Tramadol is an opiod medication that’s used for treating moderate to severe pain. Unlike non-steroidal anti-inflammatory drugs (NSAIDS), Tramadol does not cause renal (kidney) problems or produce gastric bleeding.
It also has no effect on articular or joint cartilage. However, Tramadol is a NARCOTIC-LIKE pain reliever, so it should not be used by people who have a history of drug or alcohol dependency or abuse.
A recent meta-analysis (Cepeda et al, 2007), which included 11 individual randomized controlled trials, concluded:
“Tramadol or tramadol/paracetamol decreases pain intensity, produces symptom relief, and improves function in patients with osteoarthritis (OA), but these benefits are small.”
Acetaminophen is generally regarded as one of the first-line medications for osteoarthritis, since it has a generally favorable side effect profile. However, acetaminophen can cause liver damage when used in large doses or when used with alcohol.
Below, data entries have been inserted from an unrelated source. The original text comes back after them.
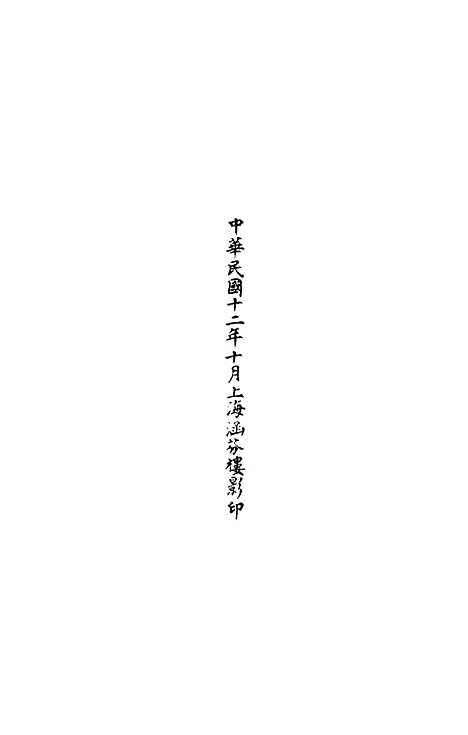 【正统道藏[列上]】上海涵芬楼.pdf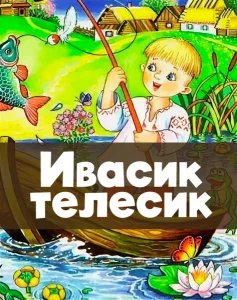 Ивасик телесик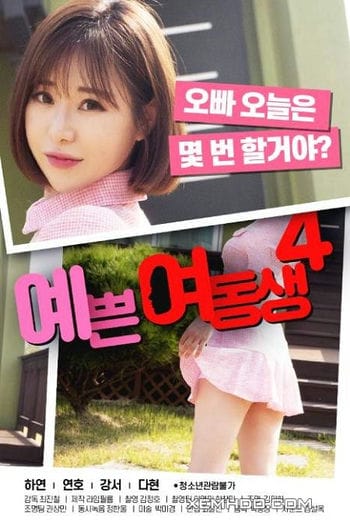 Em Gái Xinh Đẹp 4 - Pretty Little Sister 4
NSAIDS or non-steroidal anti-inflammatory drugs are also commonly used to treat OA and are generally more effective than acetaminophen at treating arthritis pain (See previous meta-analysis comparing both drugs). Opiods such as Tramadol are NOT first-line treatments for OA. Opiods should generally be avoided due to their risk of tolerance, dependency, and withdrawal.
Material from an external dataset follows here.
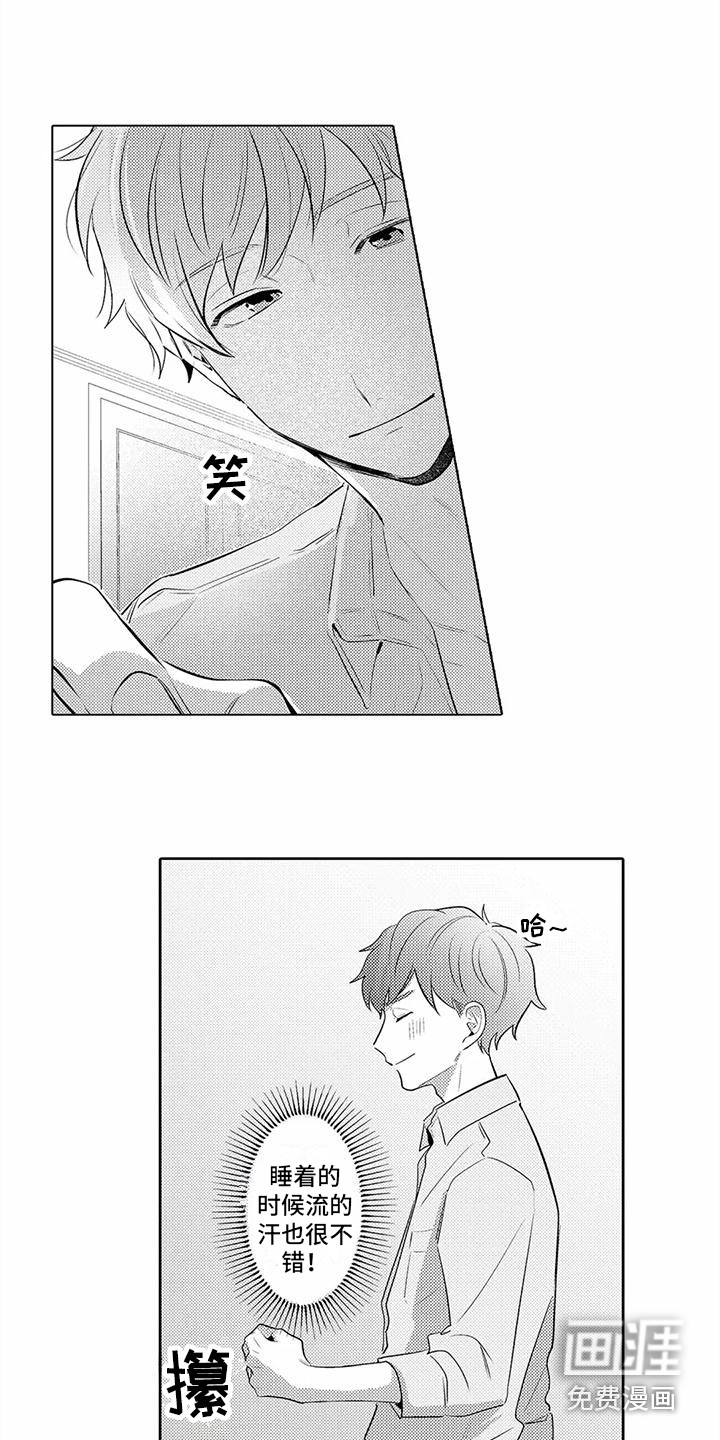 第10话7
They may, however, be an option for people who have tried other conventional treatments and not found adequate pain relief.
Always talk to your health care professional about all treatment options, risks, and side effects.
Additionally, considering that the benefits of Tramadol therapy are relatively small, while the risks of long-term use of opiods are unfavorable, opiods are not likely to be considered a popular treatment option.
- Cepeda MS, Camargo F, Zea C, Valencia L. Tramadol for osteoarthritis: a systematic review and metaanalysis. J Rheumatol. 2007 Mar;34(3):543-55.